シャモア
(Chamois)[ヘ語,ゼメル]
やぎに似た小型のレイヨウで,先端が鉤型になった角を特徴とし,目のくらむような高所でも敏しょうに動き回り,足元の確かさで知られています。雄の成獣は肩の高さが80㌢に達し,体重が30㌔を超えることもあります。シャモアの体皮は夏は黄褐色ですが,冬の季節が来るとその色は深みを帯びます。律法の要求下で,シャモアは食物に適した動物の中に挙げられています。―申 14:5。
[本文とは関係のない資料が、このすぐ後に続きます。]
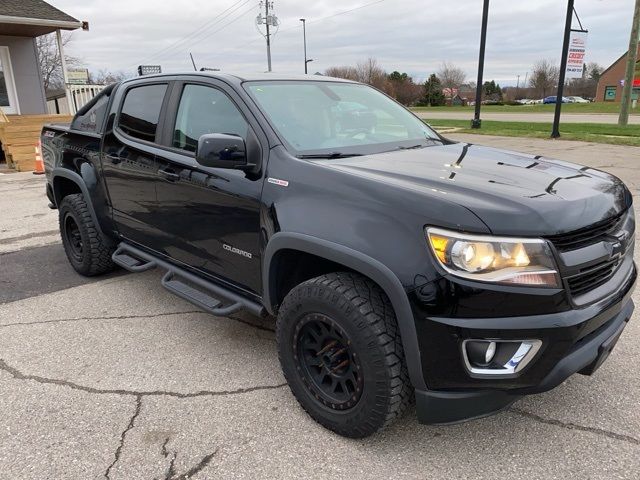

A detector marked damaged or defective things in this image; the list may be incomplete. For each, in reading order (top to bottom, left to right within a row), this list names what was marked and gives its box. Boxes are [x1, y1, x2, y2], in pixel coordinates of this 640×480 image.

cracked pavement [1, 136, 640, 480]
ヘブライ語のゼメルが意味する動物に関しては不確かな面もあるため,この語は「シャモア」(欽定,ア標,英改,新世,ヤング),「山やぎ」(mountain goat,ラムサ),「オオツノヒツジ」(mountain sheep,聖ア,エルサレム,モファット,ロザハム),「れいよう」(antelope,リーサー)と訳され,単に「ゼメル」(zemer,ノックス)と翻字している例もあります。ゼメルという語が由来したヘブライ語の語根は,アラビア語のザマラ(跳ねる; 逃げる)に関係があると考えられ,跳ねたり飛び上がったりする動物を連想させるので,ガゼルに似た動物ではないかと考えられています。シャモア(Rupicapra rupicapra)はパレスチナには全く生息しなかったとする動物学者もいます。しかし,注目できる点として,カルパティア山脈やコーカサス山脈にはこの動物の地方種が見られるので,レバノン山脈にかつてシャモアの変種の一つが生息した可能性も考えられます。